I've been distant lately, not just from the blog but from so much of what it represents in terms of my connection to a spiritual practice, a physical practice, my health - all that beautiful stuff I started this blog to explore and blather on about.

Since last January, after the marathon led to my hamstring, my foot, then my hamstring again being injured, I've been slowly retreating further and further from running, yoga, and any other type of physical activity.  I didn't want to in the least, but I found I had to.  It's been very frustrating, and I've written a lot about it.  I started the amazing journey with my physical therapist back in late September to try to get me all fixed, and while I'm not 100%, I'm so much better.  I haven't done much running aside from some glorious barefoot 5-minutes-at-a-time sessions back in October and November - before the polar vortex came to stay - but those little sessions were amazing and so different from what I'd been used to and so hard.

I've missed the mood and energy boost from working out just as much as the physical effects, and I recently discovered yet another thing I missed about being active - the extra willpower.  I've always had an emotional and contentious relationship with food, and varying degrees of inactivity brought me back to that full swing.

Even after making big strides in physical therapy, I still almost never took a yoga class for myself in these past almost six months.  Either I was afraid of aggravating my hamstring further (after months of recklessly pushing myself last spring and early summer, I'm done taking chances) or just felt like I was too damn busy and the last thing I needed after a full day of teaching was to spend more time in downdog.

And yet.

I remember talking to a beautiful yoga teacher who is, sadly for me but wonderfully for her, moving to Colorado soon after getting married this weekend (which, if I may say, is a pretty awesome weekend to get married) awhile ago about this.  She mentioned that she was taking a class with a teacher we both loved later that day, after just having told me she'd already taught some ridiculously high number of classes already (kids and grown-ups).  When I asked how on earth she could possibly manage to do more yoga after all of that, she just responded very matter-of-factly that she needed to keep time for her own practice too.

That little exchange has come back to me every so often, and it's been a little bug in my ear more and more lately as I've emerged from a truly insane February and the city emerges from a truly brutal winter.

Yesterday, I practiced at Astoria's lovely Yoga Agora with my absolute best friend in the world first thing in the morning.  And just this evening, I practiced at one of my beautiful home studios, The Giving Tree Yoga Studio right down the street for a delicious 90 minute, half flow-half restorative class.

The amount of mental and emotional weight I can feel having melted out of myself is pretty amazing after just those two classes in two days.  Even today, after teaching 5 kids classes in the morning and one adult private in the evening, I am so happy I dragged myself back out into the wind from my warm apartment to take a class.  All of that plus the beautiful feeling of not being physically spent, exactly, but just knowing that I did work for myself.
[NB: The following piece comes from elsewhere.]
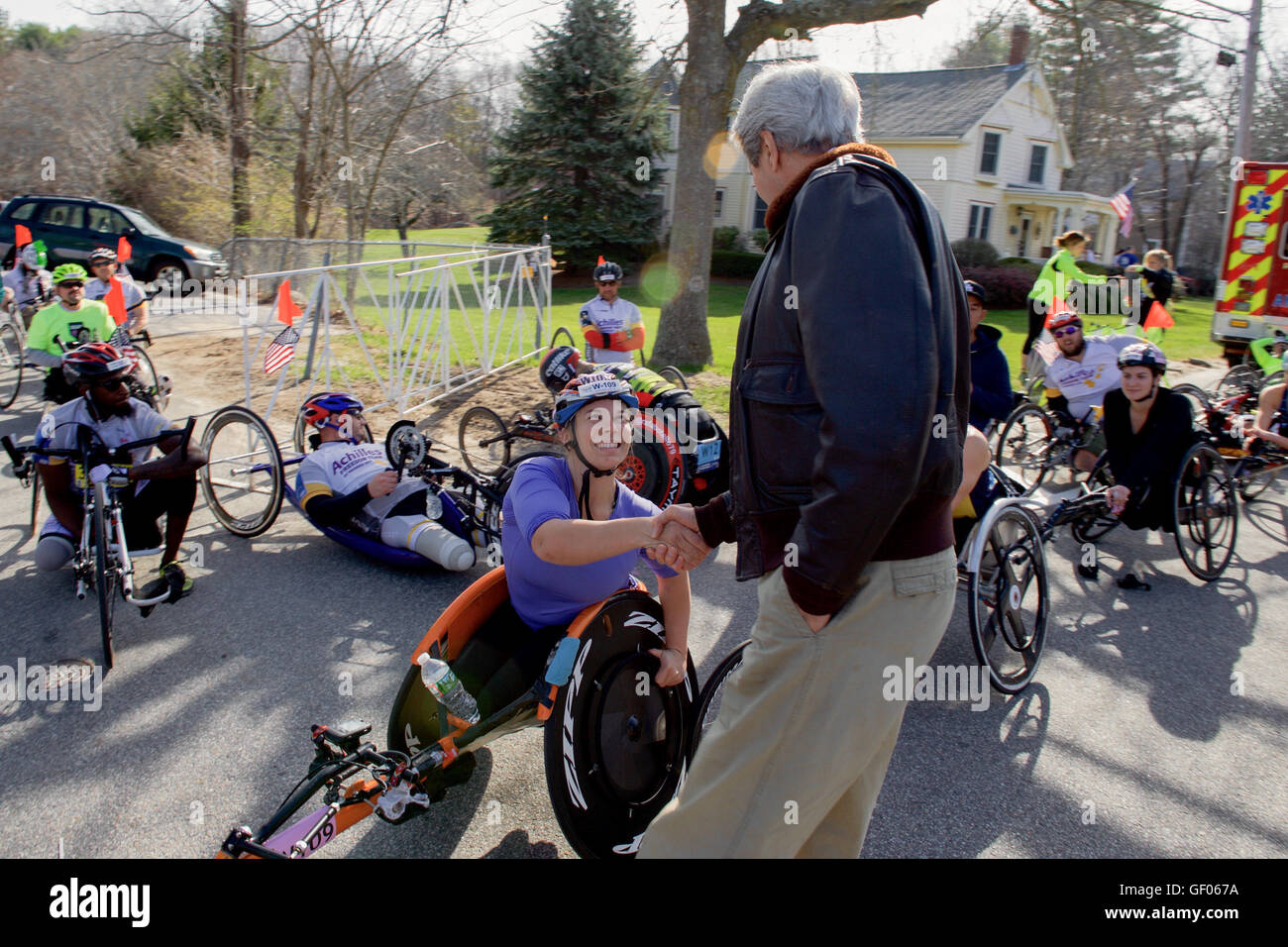 Sekretärin Kerry schüttelt die Hände mit den Wettbewerbern, bevor sie die Push-Rim Rollstuhl Division des Boston Marathons startete, ein legendäres Ereignis in Hopkinton, Massachusetts, bei dem inklusiver Sport und die Entschlossenheit der Athleten hervorgehoben werden. Stockfoto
When I'm teaching, I'm either playing or demonstrating.  I think I've forgotten what a massive difference there is between that and taking - even if I were to take a class of the exact same sequence that I may have taught.  It sounds obvious to be writing it out, but I never quite realized it.  When I'm practicing, it's my breath, I set my pace, I make modifications if I need to, I let myself be led and cared for by a teacher.  Not only that, I get inspired as a teacher to steal whatever wonderful things I'm doing or hearing to bring back to my students.  I can get stuck in ruts from time to time and I can't believe I forgot how necessary it is to shake things up.

So there we go.  I practiced, and I've revisited this neglected, dusty old blog.  Slowly but surely I'm getting back to a place where I'm carving out time for my physical practice, which always puts me on a road to being happier and saner.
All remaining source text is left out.